Having children is a wonderful time, which brings a mixed bag of emotions. In those first months and years, new parents experience the highest highs and the lowest lows. And while new parents will often talk openly about the impact that having small children has on their sleep, they might be less upfront about how their baby’s arrival has affected their relationship as parents.
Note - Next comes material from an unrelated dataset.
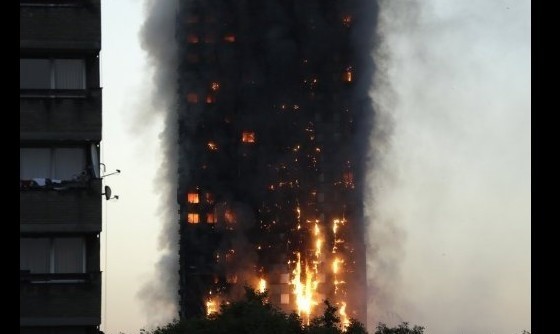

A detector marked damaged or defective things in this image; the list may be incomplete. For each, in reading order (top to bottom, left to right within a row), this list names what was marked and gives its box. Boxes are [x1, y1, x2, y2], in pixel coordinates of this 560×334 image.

charred tower facade [177, 0, 374, 326]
We unpack how to help your relationship survive having children.
When Yvonne and Mark were newlyweds, they remember the fireworks that flew across the room.
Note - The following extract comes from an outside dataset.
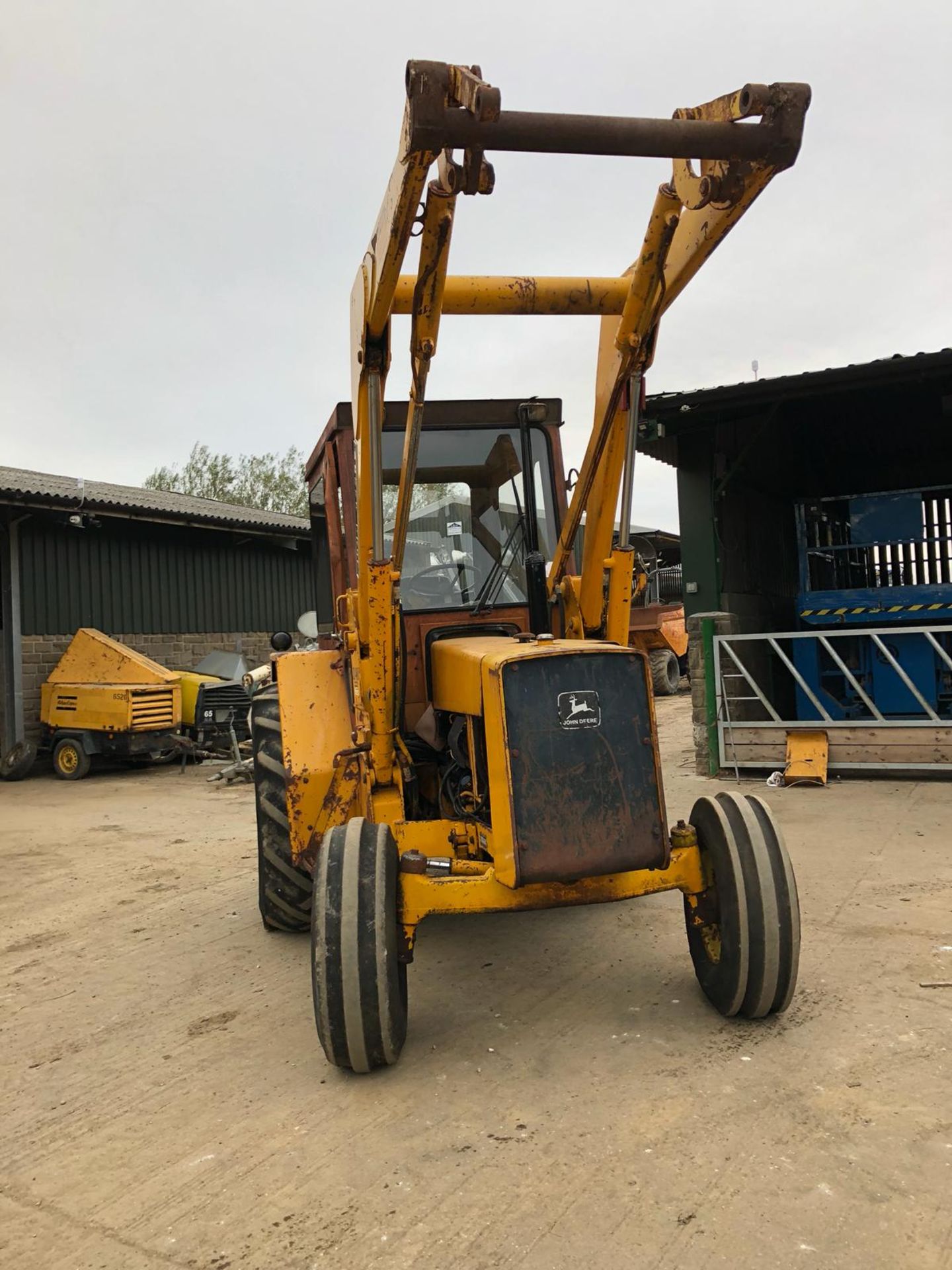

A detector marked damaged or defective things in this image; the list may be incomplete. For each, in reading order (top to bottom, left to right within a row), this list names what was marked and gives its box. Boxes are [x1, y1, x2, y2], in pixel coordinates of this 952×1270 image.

rusty metal panel [502, 656, 666, 884]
“He could be standing anywhere,” Yvonne recalls. “I swear I could feel his presence.”
“I know it sounds corny and our friends used to tease us, but I could literally sense which direction she was in,” Mark laughs.
Fulfilled by each other and progressing in their professional lives, they would often work late, still make time to exercise or socialise and at the end of the day race home to be together.
Fast-forward 19 months, and life for Yvonne and Mark is very different. The couple have blazing rows, often ending in a few days of stone silence.
Yvonne feels exhausted with a nine-month-old, a part-time job that doesn’t offer her career growth and what feels like a never-ending mountain of housework and washing that lives atop her beloved couch.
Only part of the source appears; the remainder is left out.